Catania: la triste danza delle associazioni e scuole di ballo

È su uno sfondo mozzafiato come quello di piazza teatro Massimo Bellini, che si è svolta la protesta pacifica organizzata dai titolari delle scuole di danza catanesi, per far sentire la loro voce e quella dei propri allievi a discapito dell’ultimo dpcm che prevede la chiusura delle palestre fino al prossimo 24 novembre.

“Don’t Stop Dancing” è il nome dato alla manifestazione, organizzata a livello nazionale in diverse piazze italiane, con l’obiettivo di far arrivare ai piani alti della politica la richiesta di non fermare la danza e l’arte nelle varie rappresentazioni.

Presenti in piazza ballerini di diverse età, dai più piccolini ad allievi ormai professionisti, tutti interamente vestiti di nero, come si usa fare in caso di lutto e con le scarpette da ballo appese al collo, che ricorda il famoso detto “appendere le scarpette al chiodo” nel momento in cui la carriera di un ballerino giunge al termine. Simbolismo che metaforicamente fa pensare alla morte della danza e alla fine della carriera di questi giovani ballerini.

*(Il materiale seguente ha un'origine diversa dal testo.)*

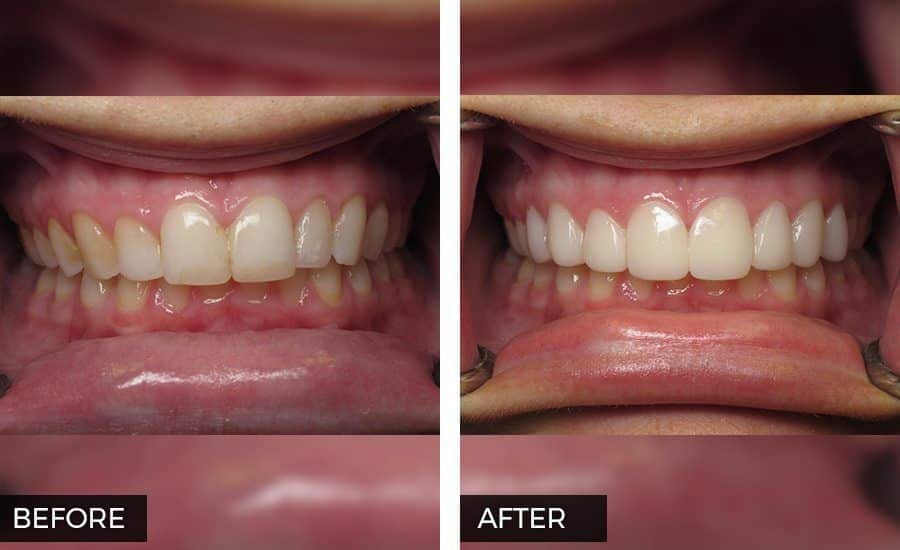 Veneers Before and After Photo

“Noi danzatori e in generale noi artisti cresciamo con il rispetto delle regole e della disciplina e la manifestazione di oggi credo ne sia stata una degna testimonianza. Ho visto tanti giovani oggi manifestare per difendere i loro sogni e le loro speranze. Credo che tutti comprendiamo la situazione catastrofica che ci circonda, ma oltre al lavoro siamo stati privati della possibilità di godere della bellezza che solo l’arte e il teatro ci regalano”, questa la testimonianza di Giulia Sciuto, insegnante di danza classica e contemporanea.

Evidente la rabbia di chi dopo mesi di investimenti per rispettare le diverse norme di sicurezza, tra spese di sanificazione e restrizioni nei numeri degli allievi, si vede obbligato nuovamente a chiudere i battenti.

Parla ai microfoni di SicraPress Giusi Vittorino, insegnate di danza, nonché organizzatrice della manifestazione: “Le contraddizioni dei decreti distruggono i sogni dei nostri ragazzi, chi ambisce a palcoscenici più grandi non può perdere un anno di allenamenti. Insisto e sottolineo che le scuole di danza sono luoghi sicuri, non sono queste le fonti di contagio, noi ospitiamo 8 bambini per turno in sale da ballo che vanno dai 100 ai 300 m2.”

Il motto della manifestazione riassume perfettamente il concetto esposto dall’organizzatrice, “DANZA=DISTANZA”.

La disciplina con cui la manifestazione si è svolta è indice di come il mondo della danza nei mesi di emergenza covid-19 abbia rispettato le norme, e di come continuerà a farlo se l’appello portato avanti dal mondo dell’arte, della cultura e dello sport, riuscisse a far fare un passo indietro al presidente Conte affinché apporti delle modifiche al suo ultimo dpcm.